5. D’autre part, aux termes de l’article L. 424-5 du code de l’urbanisme : « La délivrance antérieure d’une autorisation d’urbanisme sur un terrain donné ne fait pas obstacle au dépôt par le même bénéficiaire de ladite autorisation d’une nouvelle demande d’autorisation visant le même terrain. Le dépôt de cette nouvelle demande d’autorisation ne nécessite pas d’obtenir le retrait de l’autorisation précédemment délivrée et n’emporte pas retrait implicite de cette dernière ».
6. Lorsque le juge de l’excès de pouvoir est saisi par un tiers d’une décision d’autorisation qui est, en cours d’instance, soit remplacée par une décision de portée identique, soit modifiée dans des conditions qui n’en altèrent pas l’économie générale, le délai ouvert au requérant pour contester le nouvel acte ne commence à courir qu’à compter de la notification qui lui est faite de cet acte.
7. Il ressort des pièces du dossier que, par un arrêté du 8 mars 2018, le maire de commune de Peypin a délivré à la pétitionnaire un premier permis d’aménager sur la parcelle AW 195. La seconde demande effectuée par Mme A sur le même terrain d’assiette a été instruite indépendamment de la première et au vu du formulaire Cerfa d’une demande initiale de permis d’aménager. Dès lors, nonobstant la circonstance que seul l’emplacement du local poubelle ait été modifié dans cette seconde demande, celle-ci doit être regardée comme une demande de permis d’aménager initial et non comme un permis d’aménager modificatif eu égard aux dispositions de l’article L. 424-5 du code de l’urbanisme. Dans ces conditions, l’association requérante disposait d’un délai de deux mois à compter de l’affichage régulier du permis en litige pour former un recours contentieux. Par trois constats d’huissier des 12 septembre, 22 octobre et 21 novembre 2019, il a été constaté l’affichage régulier de ce permis. Si la requérante a sollicité la communication du dossier de permis d’aménager à la commune, cette demande n’est intervenue qu’en décembre 2019 et, alors qu’elle ne conteste pas la régularité de cet affichage, elle n’a saisi le tribunal administratif que le 3 novembre 2020, postérieurement au délai de recours contentieux. Par suite, la fin de non-recevoir tirée de la tardiveté de la requête ne peut qu’être accueillie.

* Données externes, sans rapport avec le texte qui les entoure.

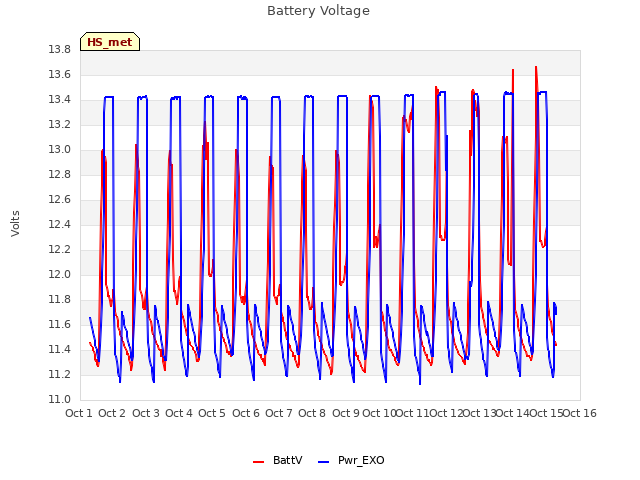 plot of Battery Voltage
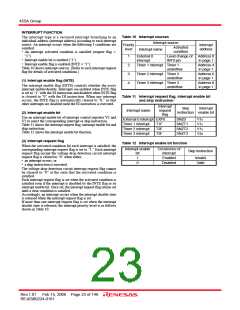 浏览型号M3455AGCFP的Datasheet PDF文件第23页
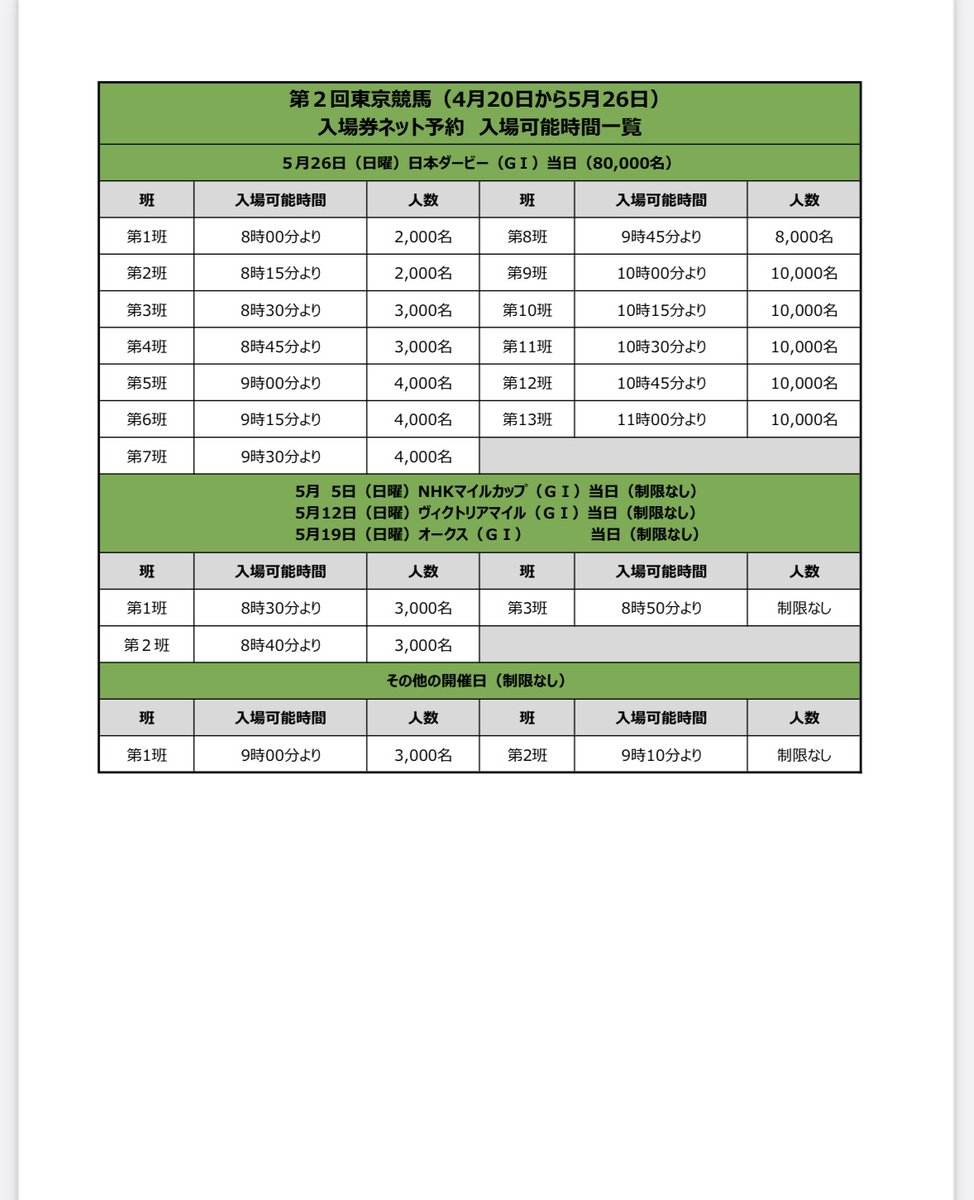 今回の東京開催は日本ダービーのみネット予約必須です‼️ 初めて入場券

8. Il résulte de tout ce qui précède que les conclusions à fin d’annulation présentées par l’association requérante doivent être rejetées.
Sur les conclusions indemnitaires reconventionnelles présentées par Mme de A :
9. Aux termes de l’article L. 600-7 du code de l’urbanisme : « Lorsque le droit de former un recours pour excès de pouvoir contre un permis de construire, de démolir ou d’aménager est mis en œuvre dans des conditions qui traduisent un comportement abusif de la part du requérant et qui causent un préjudice au bénéficiaire du permis, celui-ci peut demander, par un mémoire distinct, au juge administratif saisi du recours de condamner l’auteur de celui-ci à lui allouer des dommages et intérêts. La demande peut être présentée pour la première fois en appel ».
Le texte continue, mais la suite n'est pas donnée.